Anyway I find it hard to value myself. What I like about building this current
project is the things I'm learning and freedom to build it as I please.

Anyway I appreciate your response. I haven't used a contract before. I in
general do milestone-based pricing although I'm finding that this doesn't make
sense. Yesterday I worked on a scraper that rebuilt the dom of a page and it's
like that kind of work compared to CSS or something how are those two equal in
price?

I was given another $100.00 thanks to my complaining but I felt bad receiving
the money. It's kind of funny because this one client I spent a month working
on this scroll-triggered animation for their product and I was having problems
with asyncrhonous processes eg. things ending before something else begins and
the thing I built was problematic. I ended up refunding them their money which
was $100.00 that feeling sucks.

Yes I am an idiot to continue building this site. But it is impressive in its
own regard. To put that under my profile.

I will also set this guy up with a VPS LAMP server to run the site with OVH.

Your post gives me hope but I have to work on the business aspect.
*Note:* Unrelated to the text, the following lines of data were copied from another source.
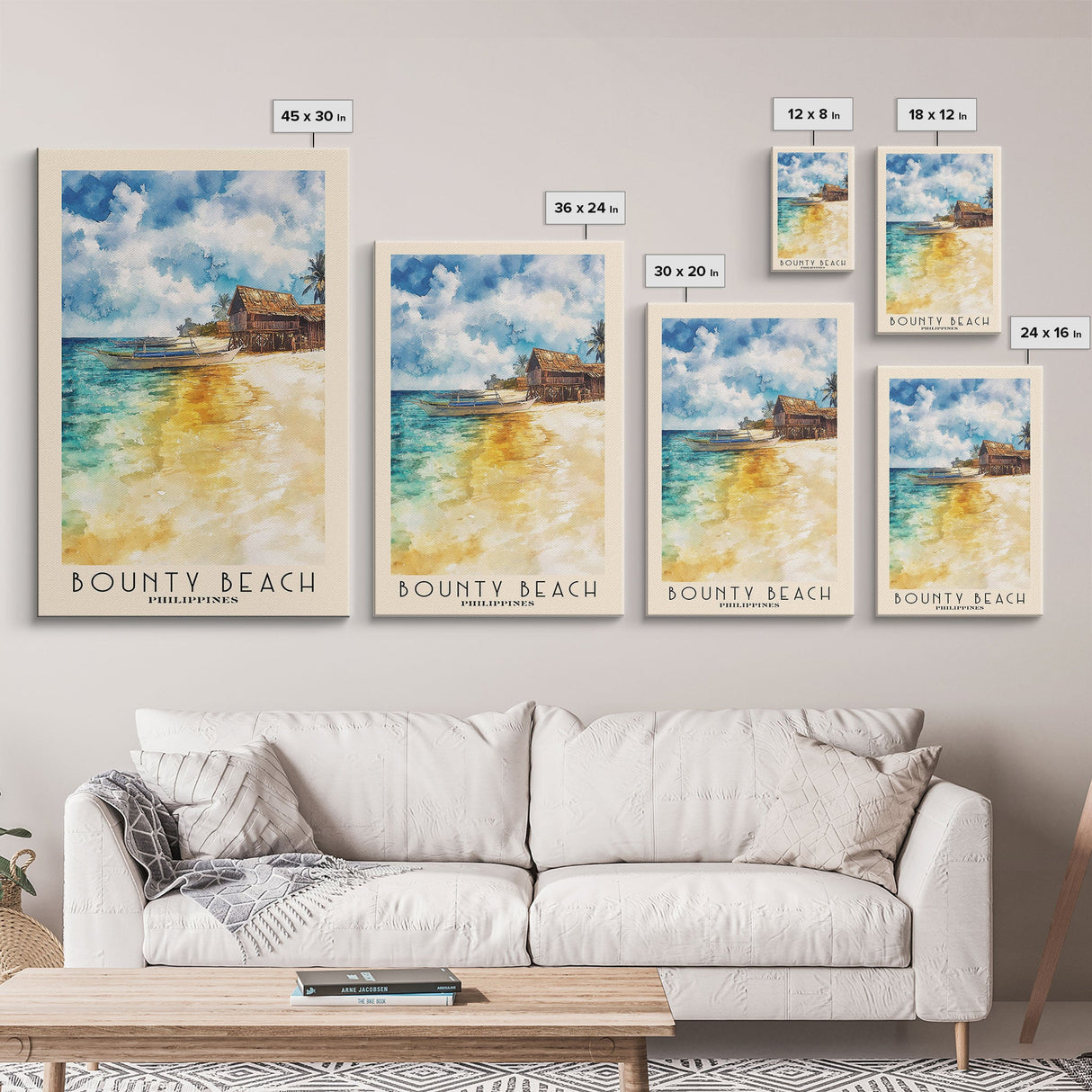 Bounty Beach, Philippines Watercolor Beach Print, Vacation Gift, Philippines Wall Art, Framed Canvas Print, Framed Beach Painting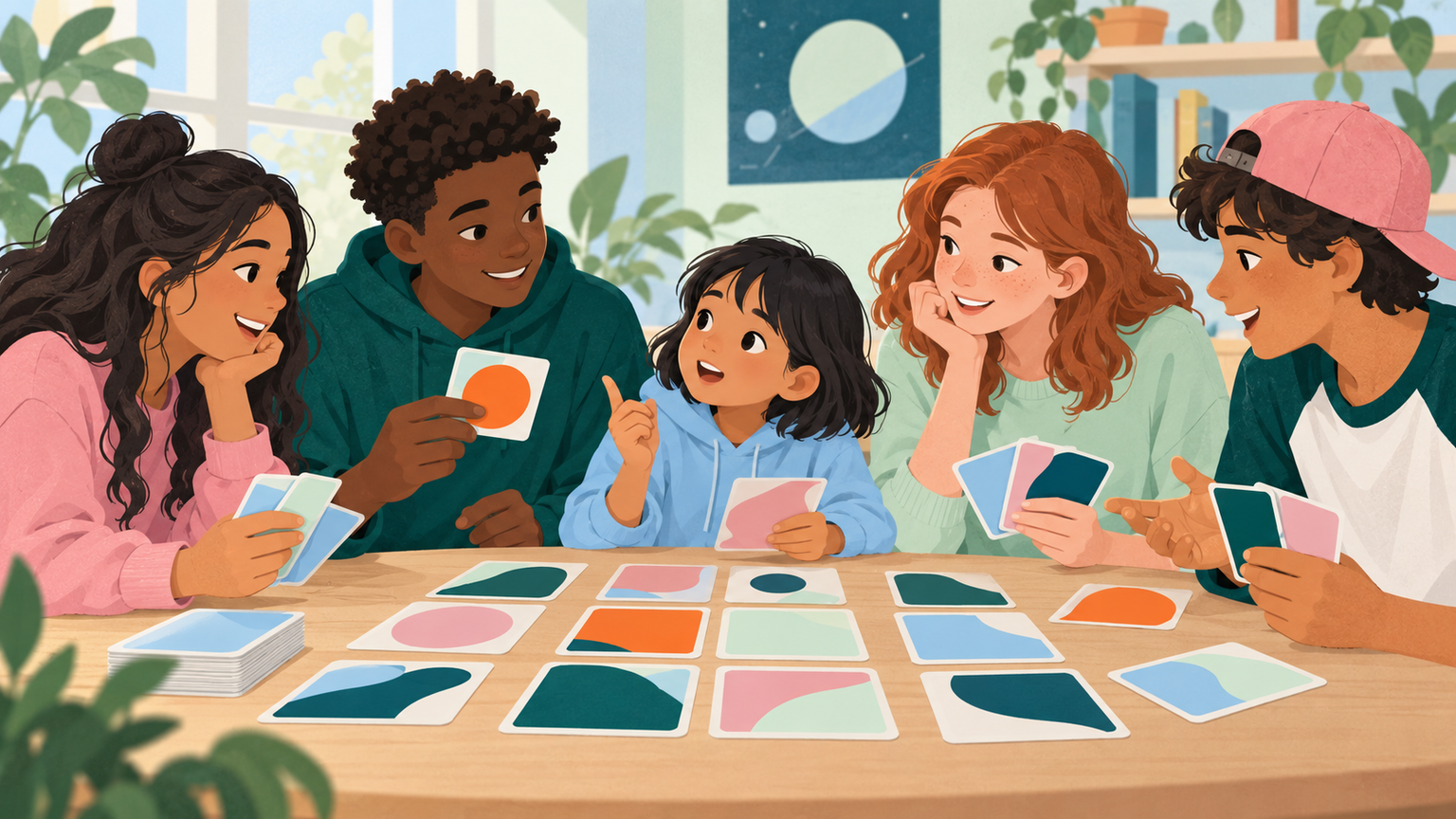 Teenagers and a child gather around a blank, abstract strategy game to make difficult science approachable.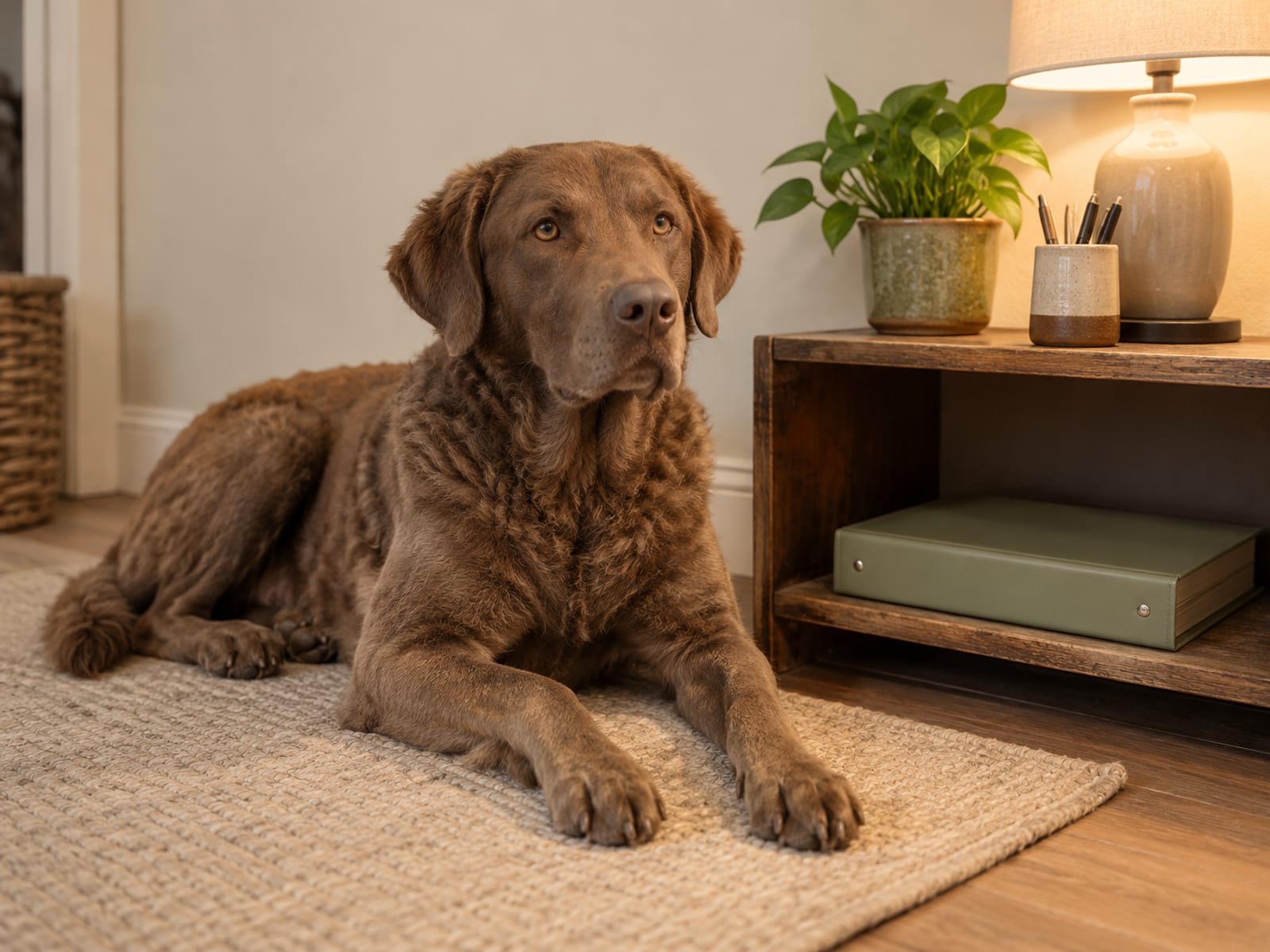 Retriever de la bahía de Chesapeake marrón recostado sobre un tapete en un rincón ordenado de la oficina de un hospedaje canino, junto a una carpeta de tres argollas cerrada en un estante bajo, iluminado por una lámpara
I feel that
I just rambled and didn't really respond to your comment. Thanks for your time
and the link.

edit: I watched that video before on the "F __* you pay me " it's recommended
by a lot of people.

------
dkyc
Hi there. Is there a way to contact you in some way other than your UpWork-
profile (linked in your HN profile)? It's a good idea to include your e-mail
address there.

I was in a similar situation a while ago, but can't share all info publicly.

------
herbst
I dont. The question is why do you?